The details of all numerical values for cell properties can be found in Table 1. These values were chosen according to those found in the literature for cortical neurons (Pospischil et al. 2011; Rossant et al. 2011; Hertäg et al. 2014). Parameters are identical for excitatory and inhibitory neurons except when specified, for example adaptation parameters are set to 0 for inhibitory cells. For every simulation, initial values of V m are drawn from a distribution uniform in [V rest, V T].

Table 1 Parameters of the adaptive exponential and fire neuron used in all the simulations
Full size table

Synapses

Changes in synaptic conductances triggered by incoming spikes from excitatory and inhibitory neurons are modeled such that the total synaptic current to a neuron can be written as

$$ I_{\text{syn}}(t)=\sum\limits_{s \in \{exc, inh\}} (V(t)-E_{\text{rev}}^{\mathrm{s}})\sum\limits_{k} g_{s}(t-{t_{k}^{s}}) $$
(3)

The times \({t_{k}^{s}}\) (s∈{exc, inh}) are the times of the incoming spikes, respectively at excitatory and inhibitory synapses. The dynamics g s∈{exc, inh}(t) after a spike is described by an alpha-function, from Rall synapse model (Bard Ermentrout and Terman 2010), so that the synaptic inputs may be rewritten as the convolution of the spike trains with kernels K s with \(K^{s}(t)=[t]_{+} e^{-\frac {t}{\tau _{s}}}/\tau _{s}\), [.]+ representing the Heaviside function. If the maximal conductance for a synapse type s is written \({g_{s}^{m}}\), we have \(g_{s}(t)={\sum }_{k}{g_{s}^{m}} K^{s}(t-{t_{k}^{s}})\), with k running over incoming spikes and s∈{exc, inh}. Figure 1 is illustrating all those concepts, in a condensed form. In all the paper, we took τ exc = 2ms and τ inh = 3ms for the synaptic time constants.

Diffusion approximation

The spiking activity for a neuron receiving only excitatory inputs at a rate ν exc is controlled by the total effective conductance input \(\mu =g^{m}_{exc}\nu _{\text {exc}}\tau _{\text {exc}}\).
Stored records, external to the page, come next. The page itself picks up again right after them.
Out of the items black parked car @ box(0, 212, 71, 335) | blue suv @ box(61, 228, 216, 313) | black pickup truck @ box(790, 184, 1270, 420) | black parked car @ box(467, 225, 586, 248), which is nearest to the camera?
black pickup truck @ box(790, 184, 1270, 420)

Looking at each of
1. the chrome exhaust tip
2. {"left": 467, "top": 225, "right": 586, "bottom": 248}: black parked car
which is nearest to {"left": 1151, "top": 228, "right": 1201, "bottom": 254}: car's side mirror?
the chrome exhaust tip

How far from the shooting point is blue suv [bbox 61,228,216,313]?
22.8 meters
The minimum effective conductance input for spike to be triggered, related to the rheobase current, is the one that brings the membrane potential just above its threshold value and it is defined in the following by \(g^{\text {rheo}}=\frac {g_{L}(V_{T}-E_{L})}{V_{T}}\). The deviation of the membrane potential from the diffusion approximation is measured by the Kullback-Leibler divergence between the simulated membrane potential P mc and a theoretical Gaussian distribution P th having mean and variance as predicted from the diffusion approximation:

$$\mathcal{D}(P_{mc}||P_{th})=\int\limits_{-\infty}^{\infty} P_{mc}(v) ln \frac{P_{mc}(v)}{P_{th}(v)} dv. $$

Adaptation

In all the manuscript, we consider the sub-threshold or linear part of the adaptation as the one controlled by the a parameter in the equation of the adaptive exponential neuron, and the supra-threshold or non-linear part of the adaptation as the one controlled by the b parameter. Therefore, a neuron with only linear adaptation is one with b = 0, and one with only non-linear adaptation has a = 0. Physiological interpretation of these parameters is discussed in the neuron model description.

Cortical column

A column is composed of two populations of excitatory and inhibitory neurons connected in a random manner (Erdös-Renyi wiring) with excitatory and inhibitory weights g exc and g inh, and receiving external input ν ext from spike source generated through Poisson processes with weights g ext. This is equivalent to a so-called sparse balanced network (Brunel 2000). Neuron parameters are the same as those described in Table 1. A schematic drawing of the column can be found on Fig. 4a. More precisely, the sizes of the populations are N exc = 800, N inh = 200 and N ext = 200 (a classical 4:1 ratio between excitatory and inhibitory cells). Connections among neurons are drawn randomly with probabilities p AB , A (and B) being populations from which input (and output) neurons are selected (E for excitatory, I for inhibitory, ext for external input). In and out degrees of neurons are thus distributed according to a Poisson law with parameter p AB N A N B . In all the simulations, we use a value of p EE = p EI = 0.05, p II = p IE = 0.05 and p ext = 0.01. Excitatory weights are fixed to g exc = 6nS and inhibitory weights are modified through the control parameter g defined by g inh = g.g exc. For external connections, we have g ext = g exc/6. Delays of the connection are all equal to the simulation time step, i.e. 0.1ms.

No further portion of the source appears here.